(Brief descriptive captions)
········

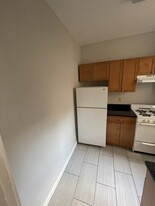 1169 Commonwealth Ave, Unit 15 in Boston, MA - Building Photo - Building Photo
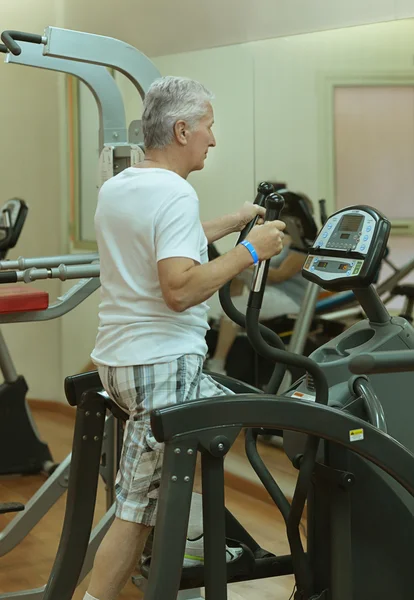 Hombre mayor en el gimnasio — Foto de Stock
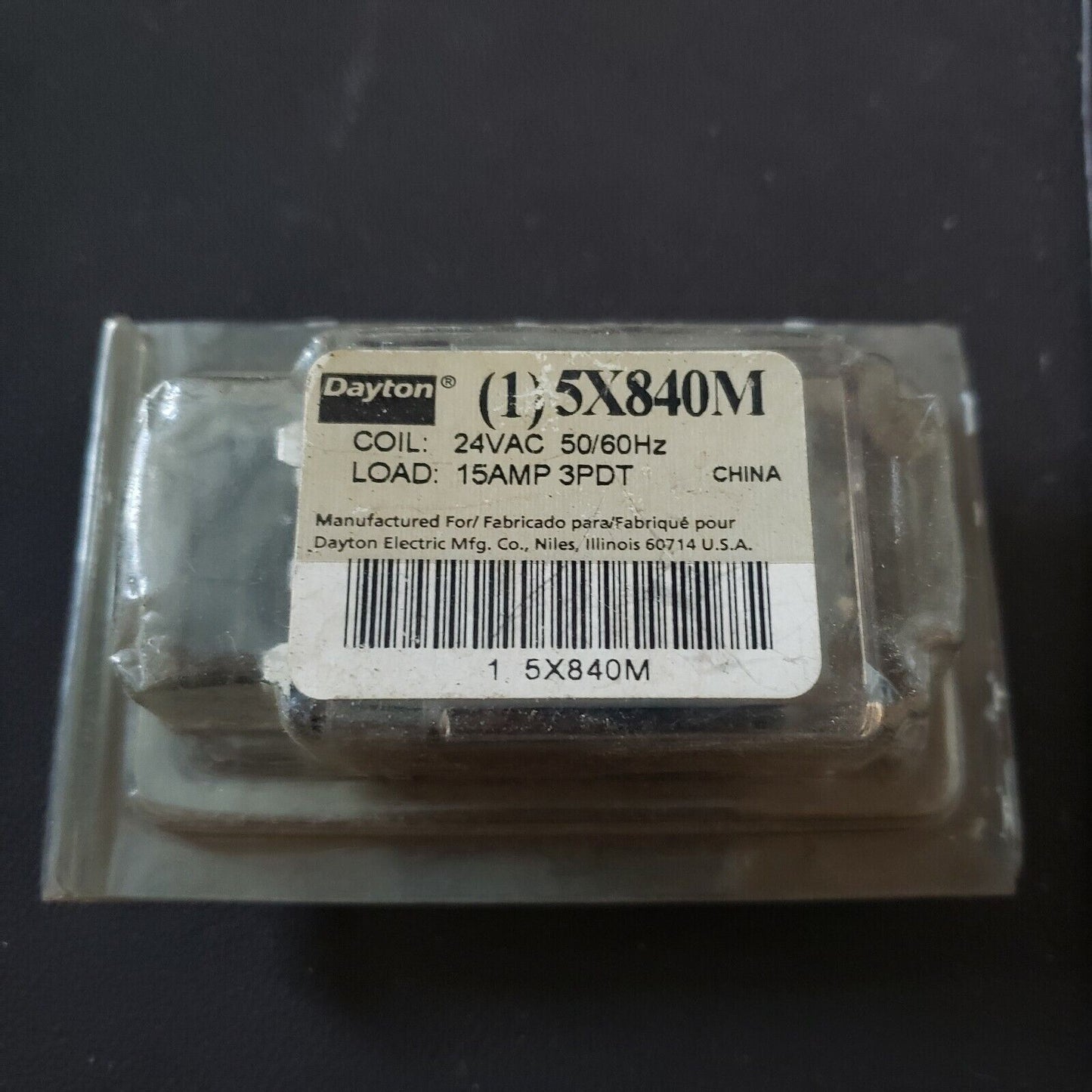 Dayton 5X840M Square Relay 24 VAC 15 Amp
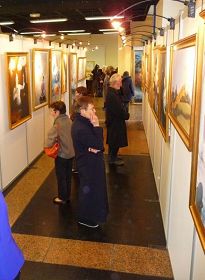 '真善忍美展在聖馬羅市政府展廳吸引眾多參觀者'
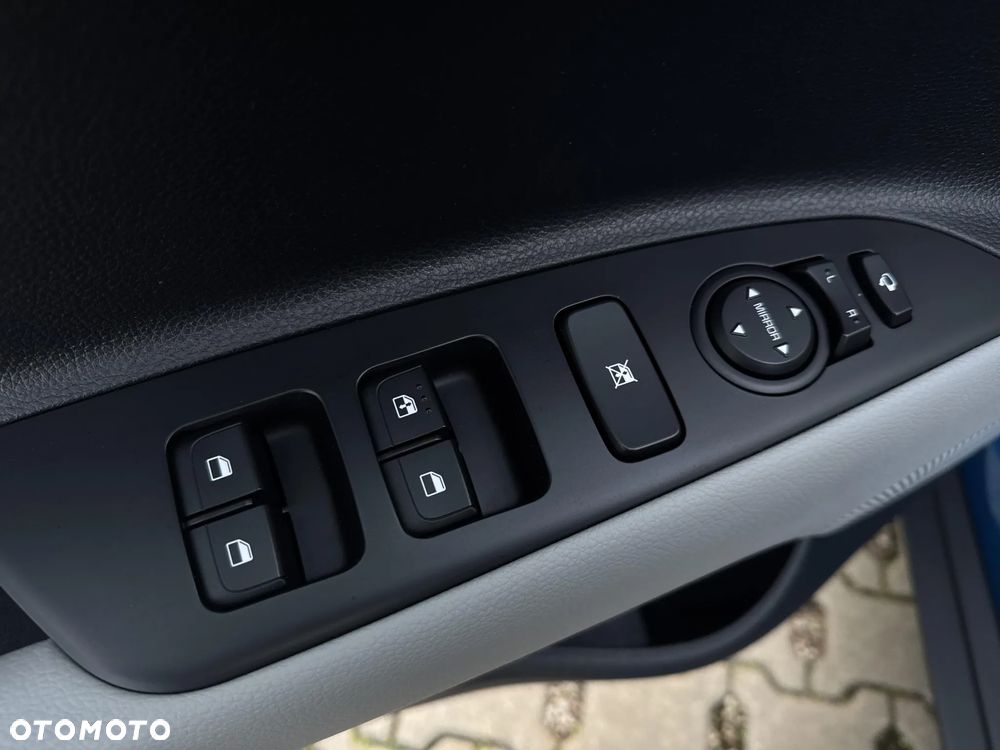 Kia Stonic 1.0 T-GDI MHEV L - 20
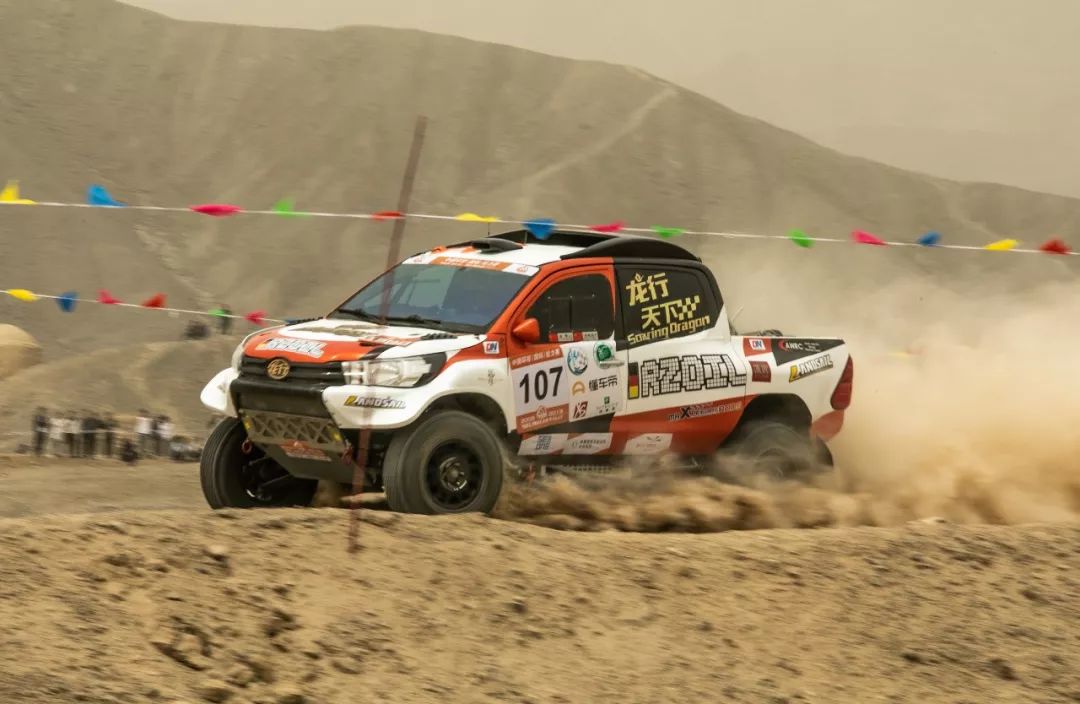 震撼:环塔拉力赛排位赛在阿举行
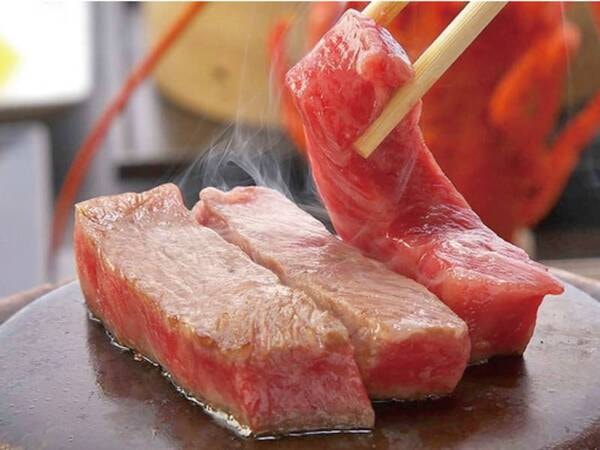 【夕食一例】《横手黒毛和牛》肥育農家が限られ、冬の厳しい寒さと豊富な良質な水で大切に育てられている
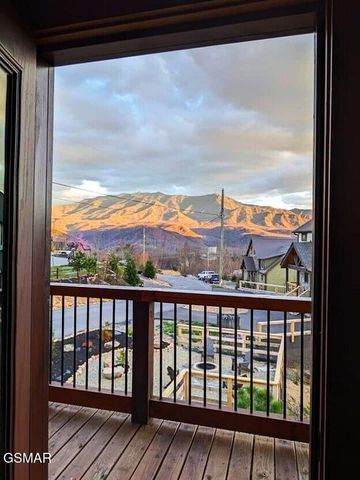 710 Village Loop Road, Gatlinburg, TN 37738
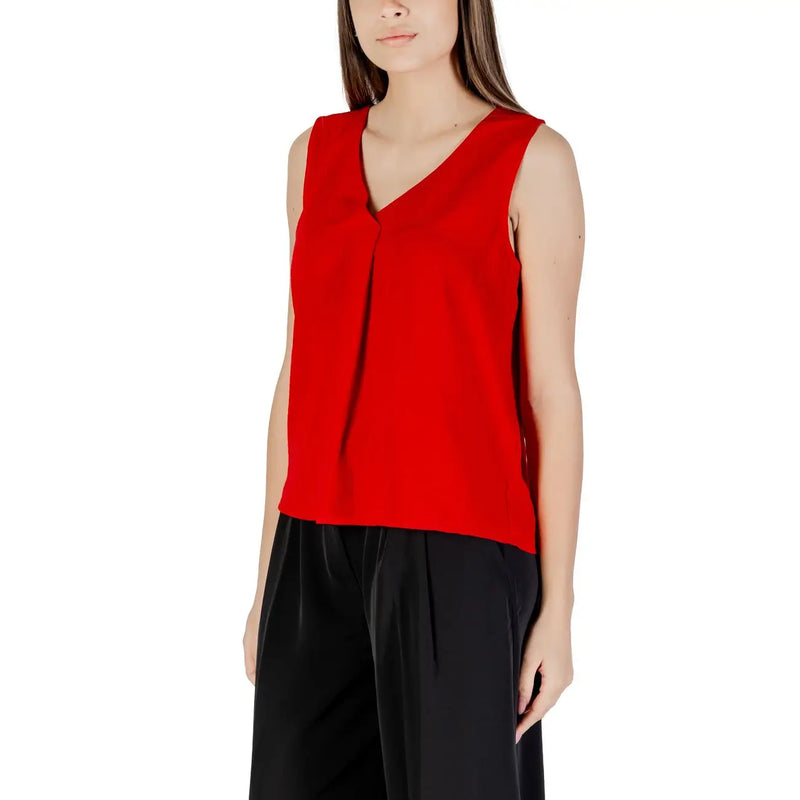 Un rouge éclatant only femmes tank top avec un col en V, une coupe sans manches, de discrets plis sur le devant, en polyester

········

Problem statement —
Reproduce the data above word for word, but leave the images out.

Task solution —
 1169 Commonwealth Ave, Unit 15 in Boston, MA - Building Photo - Building Photo
 Hombre mayor en el gimnasio — Foto de Stock
 Dayton 5X840M Square Relay 24 VAC 15 Amp
 '真善忍美展在聖馬羅市政府展廳吸引眾多參觀者'
 Kia Stonic 1.0 T-GDI MHEV L - 20
 震撼:环塔拉力赛排位赛在阿举行
 【夕食一例】《横手黒毛和牛》肥育農家が限られ、冬の厳しい寒さと豊富な良質な水で大切に育てられている
 710 Village Loop Road, Gatlinburg, TN 37738
 Un rouge éclatant only femmes tank top avec un col en V, une coupe sans manches, de discrets plis sur le devant, en polyester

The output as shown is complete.